Dive Brief:
- Sweetgreen is restructuring its business and cutting its corporate workforce by 20%, CEO and co-founder Jonathan Neman wrote in a letter to employees last week. The staff reduction does not affect positions in the field, and impacts employees at its Culver City, California-based headquarters.
- The chain's two-year restructuring and reorganization plan includes accelerating store growth in new communities, reducing menu and operational complexity, investing in store leadership and enhancing digital ordering. "This means we need to reduce our investment in areas that do not directly support these objectives," Neman wrote in the letter.
- Neman also wrote that the impact from COVID-19 is the impetus behind this decision, citing that many companies are extending work-from-home through next summer, a move that undercuts Sweetgreen's lunch-heavy business.
Dive Insight:
Sweetgreen had hinged its April forecast on the expectation that more employees would return to their workplaces after Labor Day, driving a stronger recovery for the chain.
"The reality is many of our restaurants in dense urban areas, particularly in NYC, have yet to recover," Neman wrote in the letter. "We expect that this will be the case for the foreseeable future."
As a salad concept heavily reliant on lunch in urban markets, the work-from-home environment has been especially tough for Sweetgreen, with the restaurant's business declines ranging from 40% to 80% across the country during the pandemic. The chain has closed or consolidated 21 of its 105 restaurants, Bloomberg reports, mostly in vacant office buildings. Just 84 buildings are now open for pickup and delivery.
Sweetgreen stopped all of its Outpost office deliveries, which launched in 2018 to cater to the midday corporate crowd, during the COVID-19 crisis.
As part of its effort toward recovery, Sweetgreen, which was valued around $1.6 billion last year, pivoted its menu this spring to focus more on dinner entrees and less on grab-and-go lunches. The Plates menu represents the chain’s first food not served in a bowl since its founding in 2007. It's unclear if this new menu, or the chain's new online-only curated menu collections, will be impacted by the chain's plans to reduce menu complexity. The online menu innovations was in the works pre-pandemic, but the launch was expedited due to the disruption of the business.
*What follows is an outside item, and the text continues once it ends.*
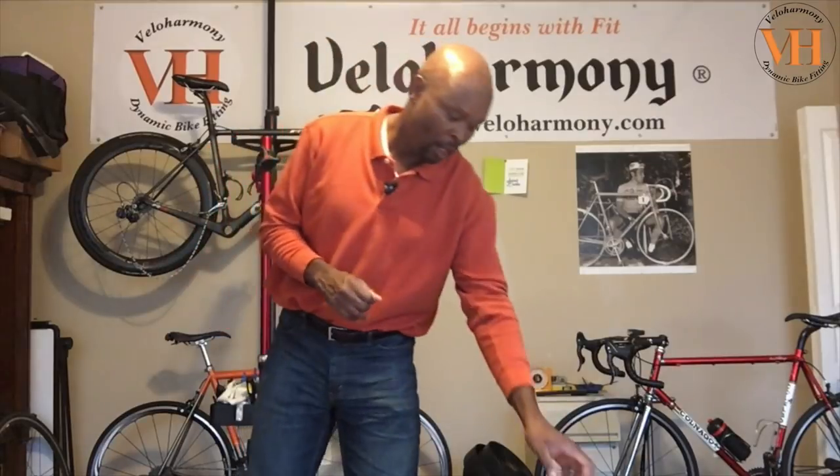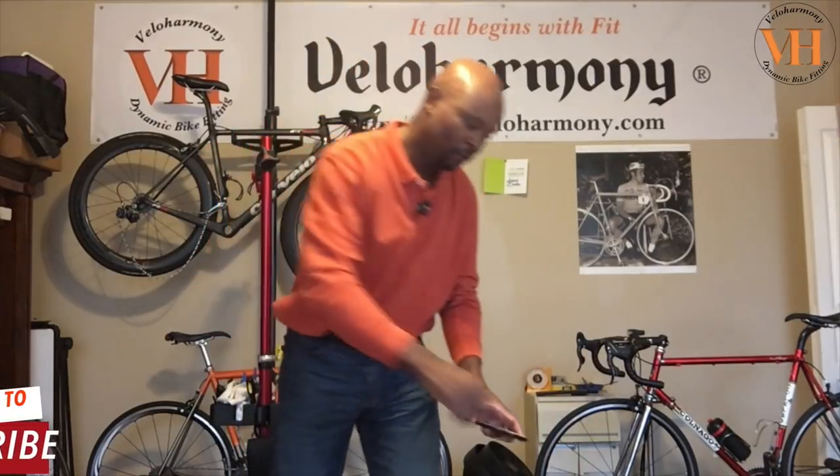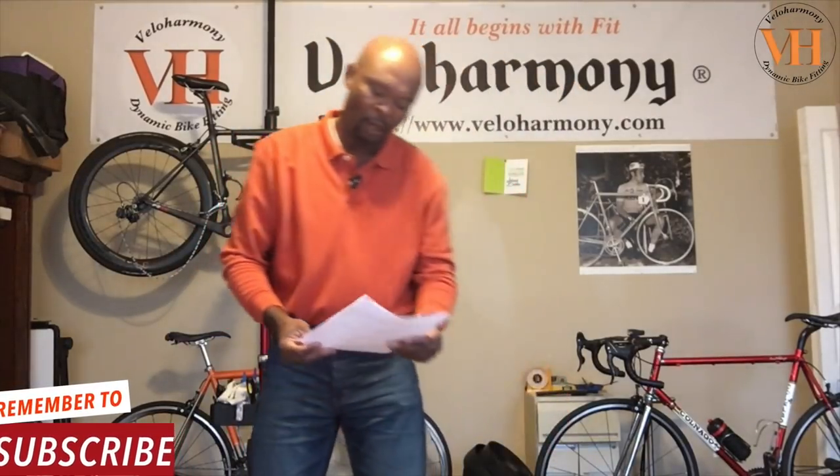Hello legends and super legends, welcome to Velo Harmony. Today I'm going to be talking about training to heart rate zones versus your power zones — how you can match them and how you work with them. Before I get into that, I want to give you a little bit of background on how this topic came about. I want to thank Shige — S-H-I-G-E — I hope I pronounced your name correctly.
Pre-COVID, about 50% of sales at the chain were digital, and that number has increased by almost 100% this year.
The company has also paused new openings in major markets like Miami and Denver, and is looking at new restaurant designs to maximize curbside pickup and delivery.
"We’re rebuilding Sweetgreen’s physical experience. It’s what the new normal is going to have to be," Chief Concept Officer Nicolas Jammet told Bloomberg.
Sweetgreen is hardly alone in having to lay off corporate staff or restructure its organization because of COVID-19’s devastation. Darden recently shed 11% of its support staff, for example, while the list of restaurant chains that have filed for Chapter 11 protection continues to grow. Despite news of layoffs and a restructure, however, the Commercial Observer reports that Sweetgreen is still on track to open a new, 94,000-square-foot headquarters in Los Angeles in 2022.